20  t-test

Author
Affiliation

Vladimir Buskin

Catholic University of Eichstätt-Ingolstadt

20.1 Preparation

  • Load packages and data:
library("readxl")
library("tidyverse")

data_vowels <- read.csv("Vowels_Apache.csv", sep = "\t")

20.2 The \(t\)-test

Since the \(\chi^2\) measure exclusively works with categorical variables, a separate test statistic is required if one of them is a continuous variable. The \(t\) statistic is often used for research questions involving differences between sample means. The way \(t\) is calculated depends on the sources of \(X\) and \(Y\): Do they originate from the same sample or from two (in-)dependent ones?

First, we consider two independent samples from a population:

  • Sample \(X\) with the observations \(\{x_1, x_2, ..., {x_n}_1\}\), sample size \(n_1\), sample mean \(\bar{x}\) and sample variance \(s^2_x\).

  • Sample \(Y\) with the observations \(\{y_1, y_2, ..., {y_n}_2\}\), sample size \(n_2\), sample mean \(\bar{y}\) and sample variance \(s^2_y\).

The \(t\)-statistic after Welch is given by:

\[ t(x, y) = \frac{|\bar{x} - \bar{y}|}{\sqrt{\frac{s^2_x}{n_1} + \frac{s^2_y}{n_2}}} \tag{20.1}\]

  • If there is more than one observation for a given subject (e.g, before and after an experiment), the samples are called dependent or paired. The paired \(t\)-test assumes two continuous variables \(X\) and \(Y\).

  • In the paired test, the variable \(d\) denotes the difference between them, i.e., \(x - y\). The corresponding test statistic is obtained via

\[ t(x, y) = t(d) = \frac{\bar{d}}{s_d} \sqrt{n}. \tag{20.2}\]

Note the difference \(\bar{d} = \frac{1}{n}\sum_{i=1}^n{d_i}\) and the variance

\[ s^2_d = \frac{\sum_{i=1}^n({d_i} - \bar{d})^2}{n-1}. \tag{20.3}\]

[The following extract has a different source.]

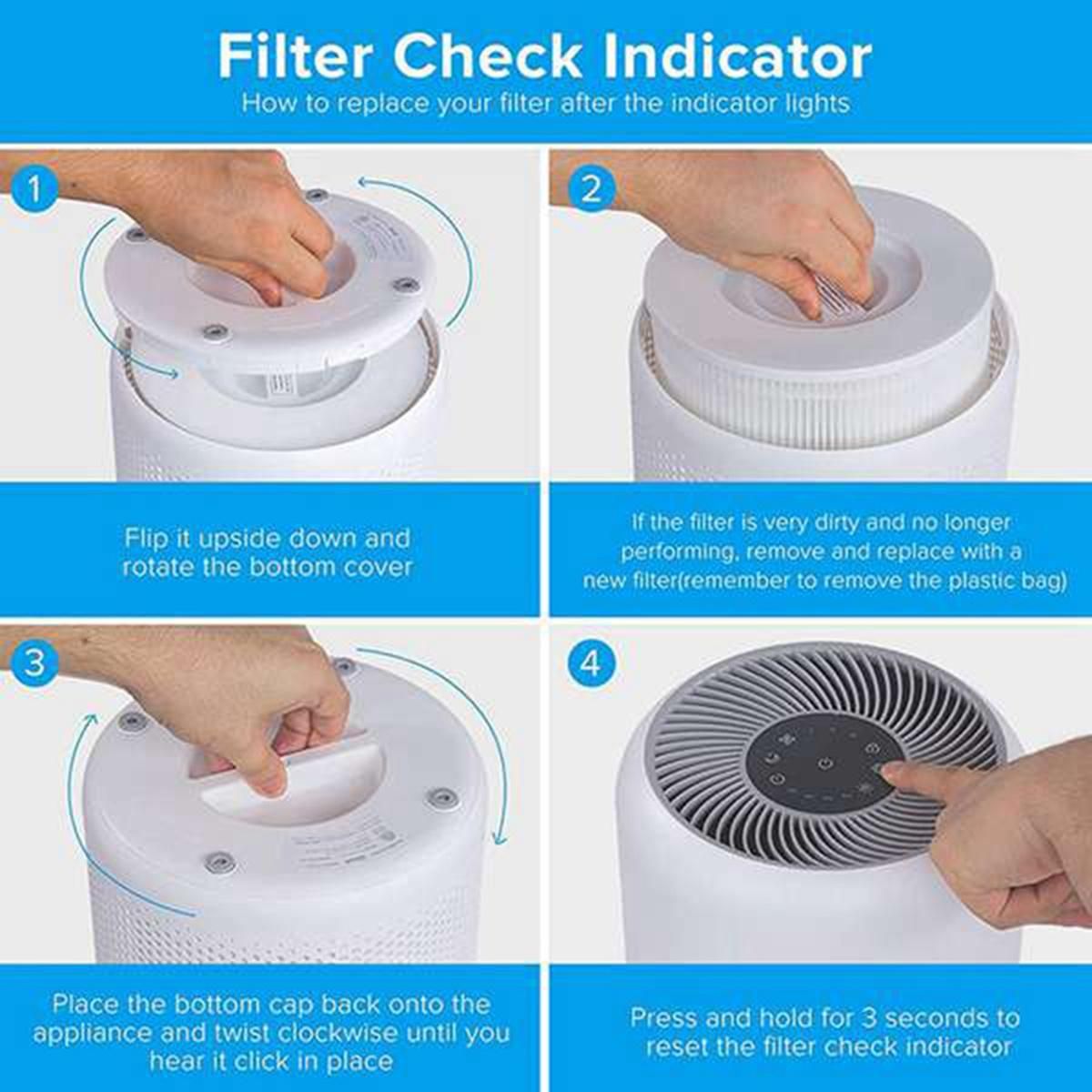 Replacement Filter for Core 300, 3-In-1 HEPA Filter Highly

Traditionally, the \(t\)-test is based on the assumptions of …

  1. Normality and
  2. Variance homogeneity (i.e., equal sample variances). Note that this does not apply to the \(t\)-test after Welch, which can handle unequal variances.

The implementation in R is very straightforward:

t.test(data_vowels$HZ_F1 ~ data_vowels$SEX, paired = FALSE) # there is a significant difference!

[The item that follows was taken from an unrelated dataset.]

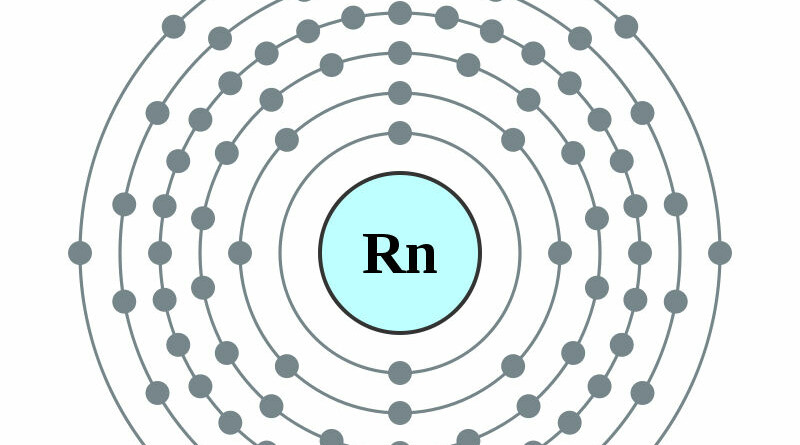 elektronenschilconfiguratie van 86 Radon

    Welch Two Sample t-test

data:  data_vowels$HZ_F1 by data_vowels$SEX
t = 2.4416, df = 112.19, p-value = 0.01619
alternative hypothesis: true difference in means between group F and group M is not equal to 0
95 percent confidence interval:
  8.403651 80.758016
sample estimates:
mean in group F mean in group M 
       528.8548        484.2740 
Important

If at least one assumption of the \(t\)-test has been violated, it is advisable to use a non-parametric test such as the Wilcoxon-Mann-Whitney (WMW) U-Test instead. In essence, this test compares the probabilities of encountering a value \(x\) from sample \(X\) that is greater than a value \(y\) from sample \(Y\). For details, see ?wilcox.test().

20.3 Workflow in R

20.3.1 Define hypotheses

  • \(H_0:\) mean F1 frequency of men \(=\) mean F1 frequency of women.

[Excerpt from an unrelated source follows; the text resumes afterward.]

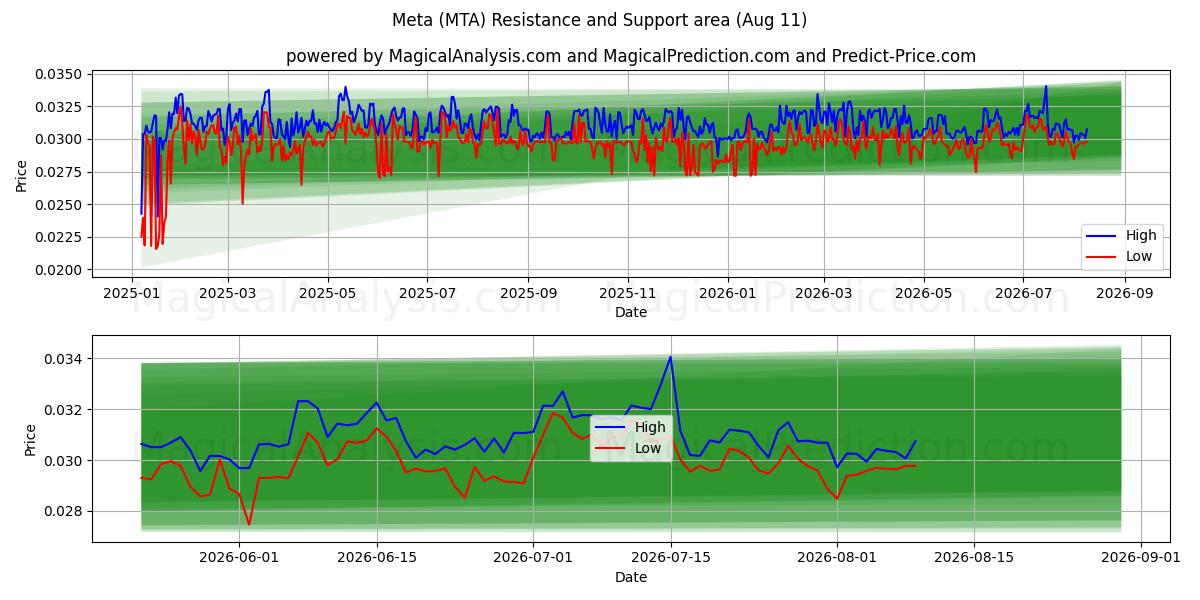  Meta (MTA) Support and Resistance area (09 Aug)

  • \(H_1:\) mean F1 frequency of men \(\ne\) mean F1 frequency of women.

20.3.2 Descriptive overview

We select the variables of interest and proceed calculate the mean F1 frequencies for each level of SEX, requiring a grouped data frame.

Code
# Filter data so as to show only those observations that are relevant
data_vowels %>% 
  # Filter columns
  select(HZ_F1, SEX) %>%
    # Define grouping variable
    group_by(SEX) %>% 
      # Compute mean and standard deviation for each sex
      summarise(mean = mean(HZ_F1),
                sd = sd(HZ_F1)) -> data_vowels_stats

knitr::kable(data_vowels_stats)
SEX mean sd
F 528.8548 110.80099
M 484.2740 87.90112
Code
# Plot distributions
data_vowels_stats %>% 
  ggplot(aes(x = SEX, y = mean)) +
    geom_col() +
    geom_errorbar(aes(x = SEX,
                    ymin = mean-sd,
                    ymax = mean+sd), width = .2) +
    theme_classic()

Code
# Plot quartiles
data_vowels %>% 
  ggplot(aes(x = SEX, y = HZ_F1)) +
    geom_boxplot() +
    theme_classic()

20.3.3 Check \(t\)-test assumptions

# Normality

shapiro.test(data_vowels$HZ_F1) # H0: data points follow the normal distribution

    Shapiro-Wilk normality test

data:  data_vowels$HZ_F1
W = 0.98996, p-value = 0.5311
# Check histogram
ggplot(data_vowels, aes(x = HZ_F1)) +
  geom_histogram(bins = 30) +
  theme_classic()

# Variance homogeneity
var.test(data_vowels$HZ_F1 ~ data_vowels$SEX) # H0: variances are not too different from each other

    F test to compare two variances

data:  data_vowels$HZ_F1 by data_vowels$SEX
F = 1.5889, num df = 59, denom df = 59, p-value = 0.07789
alternative hypothesis: true ratio of variances is not equal to 1
95 percent confidence interval:
 0.949093 2.660040
sample estimates:
ratio of variances 
          1.588907 

20.3.4 Running the test

# t-test for two independent samples 
t.test(data_vowels$HZ_F1 ~ data_vowels$SEX, paired = FALSE) # there is a significant difference!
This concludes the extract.